Joe Leydon: "When I heard the first reports that Tony Curtis had passed away Wednesday evening at age 85, I found myself flashing back 25 years, to a memorable encounter in a lavishly appointed hotel suite during the 1985 Cannes Film Festival."

"Like the Eames chair or the '59 Cadillac, Tony Curtis was a masterpiece of mid‑century modern American design," writes Stephen Bayley in the Telegraph. "Good-looking, if a tad vulgar, well-meaning, but interestingly feisty, Curtis had unilateral, unisex appeal. Oozing slickly tanned confidence, he was supremely well-packaged: but this was the age of bilious candy, not mineral-rich arugula. By no means a challenging or contrarian intellectual, he was more interested in gratifying his public than head-butting it."

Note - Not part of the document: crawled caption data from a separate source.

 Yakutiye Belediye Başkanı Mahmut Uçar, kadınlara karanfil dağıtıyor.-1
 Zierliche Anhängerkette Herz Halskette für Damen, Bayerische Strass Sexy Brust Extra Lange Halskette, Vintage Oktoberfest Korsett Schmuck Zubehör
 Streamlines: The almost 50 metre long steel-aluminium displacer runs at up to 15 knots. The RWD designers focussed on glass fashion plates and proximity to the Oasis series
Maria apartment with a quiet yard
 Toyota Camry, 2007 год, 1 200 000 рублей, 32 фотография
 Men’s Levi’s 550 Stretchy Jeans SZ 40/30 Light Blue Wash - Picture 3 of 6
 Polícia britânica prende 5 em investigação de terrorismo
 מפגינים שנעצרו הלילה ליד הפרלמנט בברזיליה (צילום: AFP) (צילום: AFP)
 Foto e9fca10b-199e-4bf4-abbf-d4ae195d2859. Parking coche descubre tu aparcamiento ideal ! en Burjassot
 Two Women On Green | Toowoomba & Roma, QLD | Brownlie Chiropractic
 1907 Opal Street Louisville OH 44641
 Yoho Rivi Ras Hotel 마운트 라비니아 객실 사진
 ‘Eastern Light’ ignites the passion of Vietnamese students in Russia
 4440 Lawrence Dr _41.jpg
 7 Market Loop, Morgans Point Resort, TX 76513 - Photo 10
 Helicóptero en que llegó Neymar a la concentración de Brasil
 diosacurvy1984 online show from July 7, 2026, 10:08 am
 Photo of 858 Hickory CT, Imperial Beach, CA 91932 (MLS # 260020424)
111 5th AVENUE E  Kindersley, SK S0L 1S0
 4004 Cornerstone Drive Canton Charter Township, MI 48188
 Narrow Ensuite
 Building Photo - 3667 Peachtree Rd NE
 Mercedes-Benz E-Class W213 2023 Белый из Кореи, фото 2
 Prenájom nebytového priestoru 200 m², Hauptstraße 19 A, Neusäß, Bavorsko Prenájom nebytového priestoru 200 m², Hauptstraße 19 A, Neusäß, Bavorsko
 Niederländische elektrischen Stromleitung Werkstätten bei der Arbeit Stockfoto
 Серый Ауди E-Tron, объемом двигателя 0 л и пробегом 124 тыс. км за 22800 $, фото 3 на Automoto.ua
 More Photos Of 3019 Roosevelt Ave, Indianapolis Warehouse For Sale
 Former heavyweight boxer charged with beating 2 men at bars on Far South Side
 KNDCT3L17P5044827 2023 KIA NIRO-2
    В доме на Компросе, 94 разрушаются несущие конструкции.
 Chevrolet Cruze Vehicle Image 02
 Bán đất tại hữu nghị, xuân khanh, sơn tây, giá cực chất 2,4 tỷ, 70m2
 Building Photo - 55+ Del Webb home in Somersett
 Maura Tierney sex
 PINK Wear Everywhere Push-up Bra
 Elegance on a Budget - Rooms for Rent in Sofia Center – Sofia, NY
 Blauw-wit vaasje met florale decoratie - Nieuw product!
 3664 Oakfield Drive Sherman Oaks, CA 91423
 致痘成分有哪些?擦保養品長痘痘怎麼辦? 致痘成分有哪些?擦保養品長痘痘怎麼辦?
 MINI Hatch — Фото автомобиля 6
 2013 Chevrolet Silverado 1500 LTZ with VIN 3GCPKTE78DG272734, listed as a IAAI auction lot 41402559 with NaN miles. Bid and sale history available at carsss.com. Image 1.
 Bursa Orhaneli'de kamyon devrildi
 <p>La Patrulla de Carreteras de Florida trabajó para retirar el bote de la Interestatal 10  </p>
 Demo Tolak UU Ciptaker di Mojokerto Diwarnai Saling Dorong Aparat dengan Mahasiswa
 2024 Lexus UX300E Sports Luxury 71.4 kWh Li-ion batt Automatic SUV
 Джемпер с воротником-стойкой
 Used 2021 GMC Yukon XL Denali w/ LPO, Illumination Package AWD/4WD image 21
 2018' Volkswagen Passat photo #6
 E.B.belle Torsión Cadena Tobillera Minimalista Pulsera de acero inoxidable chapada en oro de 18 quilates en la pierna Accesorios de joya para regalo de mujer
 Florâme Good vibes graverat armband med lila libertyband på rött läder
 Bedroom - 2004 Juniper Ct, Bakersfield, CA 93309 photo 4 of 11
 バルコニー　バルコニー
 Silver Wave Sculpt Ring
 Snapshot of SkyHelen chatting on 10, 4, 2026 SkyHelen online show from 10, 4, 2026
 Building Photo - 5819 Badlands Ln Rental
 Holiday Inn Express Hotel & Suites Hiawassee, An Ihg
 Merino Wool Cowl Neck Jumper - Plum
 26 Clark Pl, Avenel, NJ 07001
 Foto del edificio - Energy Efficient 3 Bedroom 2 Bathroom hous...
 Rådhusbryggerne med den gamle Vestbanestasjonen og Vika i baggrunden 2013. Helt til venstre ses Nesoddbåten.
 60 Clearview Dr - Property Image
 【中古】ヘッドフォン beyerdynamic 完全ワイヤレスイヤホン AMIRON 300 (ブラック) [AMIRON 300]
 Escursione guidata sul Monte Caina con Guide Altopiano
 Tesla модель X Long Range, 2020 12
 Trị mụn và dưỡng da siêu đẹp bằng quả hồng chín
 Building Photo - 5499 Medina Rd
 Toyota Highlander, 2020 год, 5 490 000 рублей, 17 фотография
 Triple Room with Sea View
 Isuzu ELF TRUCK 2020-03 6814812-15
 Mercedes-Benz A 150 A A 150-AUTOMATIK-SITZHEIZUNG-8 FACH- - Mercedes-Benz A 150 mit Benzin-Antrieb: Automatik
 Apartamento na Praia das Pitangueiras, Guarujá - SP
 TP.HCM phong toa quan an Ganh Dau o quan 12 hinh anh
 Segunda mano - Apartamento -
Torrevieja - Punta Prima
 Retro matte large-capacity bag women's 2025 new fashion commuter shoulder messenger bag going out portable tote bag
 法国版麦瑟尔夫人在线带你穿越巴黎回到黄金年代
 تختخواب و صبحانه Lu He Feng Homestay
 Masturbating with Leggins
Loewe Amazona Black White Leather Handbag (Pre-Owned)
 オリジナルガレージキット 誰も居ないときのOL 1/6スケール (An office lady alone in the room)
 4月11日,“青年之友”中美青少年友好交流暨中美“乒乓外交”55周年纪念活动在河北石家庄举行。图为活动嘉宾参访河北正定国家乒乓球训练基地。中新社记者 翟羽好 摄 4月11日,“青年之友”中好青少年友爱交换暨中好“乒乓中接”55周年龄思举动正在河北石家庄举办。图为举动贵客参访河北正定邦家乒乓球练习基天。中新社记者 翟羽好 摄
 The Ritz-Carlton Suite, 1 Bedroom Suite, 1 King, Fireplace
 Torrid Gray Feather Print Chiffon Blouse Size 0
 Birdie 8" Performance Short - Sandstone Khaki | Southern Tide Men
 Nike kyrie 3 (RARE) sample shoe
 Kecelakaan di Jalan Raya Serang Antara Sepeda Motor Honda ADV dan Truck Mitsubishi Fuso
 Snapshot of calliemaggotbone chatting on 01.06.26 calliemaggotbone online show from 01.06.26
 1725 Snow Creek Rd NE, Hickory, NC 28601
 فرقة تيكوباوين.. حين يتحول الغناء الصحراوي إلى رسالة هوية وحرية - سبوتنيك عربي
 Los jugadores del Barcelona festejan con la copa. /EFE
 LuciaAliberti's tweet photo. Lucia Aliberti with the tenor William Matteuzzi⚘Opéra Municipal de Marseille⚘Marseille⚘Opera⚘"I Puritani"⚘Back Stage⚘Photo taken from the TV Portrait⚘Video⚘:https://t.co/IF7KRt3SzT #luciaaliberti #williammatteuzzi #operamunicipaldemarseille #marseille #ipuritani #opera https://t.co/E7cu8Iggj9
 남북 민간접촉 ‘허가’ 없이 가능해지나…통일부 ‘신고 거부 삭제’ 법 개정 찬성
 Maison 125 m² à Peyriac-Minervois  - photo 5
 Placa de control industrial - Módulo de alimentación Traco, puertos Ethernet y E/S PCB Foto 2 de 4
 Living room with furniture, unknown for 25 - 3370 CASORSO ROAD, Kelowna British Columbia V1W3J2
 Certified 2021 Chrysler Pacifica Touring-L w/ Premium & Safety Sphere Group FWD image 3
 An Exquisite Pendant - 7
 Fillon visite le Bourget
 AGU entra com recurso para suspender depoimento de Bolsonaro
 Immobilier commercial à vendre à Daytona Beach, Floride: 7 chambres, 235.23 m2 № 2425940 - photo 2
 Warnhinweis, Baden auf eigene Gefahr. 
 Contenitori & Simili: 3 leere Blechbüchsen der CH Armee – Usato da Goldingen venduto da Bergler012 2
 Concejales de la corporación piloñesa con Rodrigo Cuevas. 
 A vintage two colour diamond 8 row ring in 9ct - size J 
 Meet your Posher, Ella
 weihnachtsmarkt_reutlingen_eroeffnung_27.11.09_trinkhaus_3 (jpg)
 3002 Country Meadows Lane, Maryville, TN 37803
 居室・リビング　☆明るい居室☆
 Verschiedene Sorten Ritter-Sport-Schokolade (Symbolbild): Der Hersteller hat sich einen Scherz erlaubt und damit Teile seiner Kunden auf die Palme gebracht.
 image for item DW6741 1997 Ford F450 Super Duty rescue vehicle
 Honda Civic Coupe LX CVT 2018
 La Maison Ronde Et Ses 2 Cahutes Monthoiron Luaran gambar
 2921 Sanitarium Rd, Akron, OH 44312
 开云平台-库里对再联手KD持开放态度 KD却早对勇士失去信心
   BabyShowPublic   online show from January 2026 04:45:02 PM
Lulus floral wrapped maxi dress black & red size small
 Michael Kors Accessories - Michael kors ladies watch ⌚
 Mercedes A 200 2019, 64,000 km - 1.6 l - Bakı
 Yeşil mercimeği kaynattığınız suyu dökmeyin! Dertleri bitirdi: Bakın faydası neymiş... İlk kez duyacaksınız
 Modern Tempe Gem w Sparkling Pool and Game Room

Update, 10/2: Curtis "was among the purest and most authentic examples of what a movie star in postwar Hollywood could be," writes AO Scott in the NYT. "Which is also to say, of course, that he was fundamentally — brazenly — impure and inauthentic, an artificial, hybrid creature synthesized out of ambition, good looks and canny publicity.... He was not a methodizer, burrowing deep into each role to find its hidden, essential psychological truth, but his art was deep and his professionalism thorough. He was capable of intensity when it was called for, but his best, most characteristic work always carried an element of play."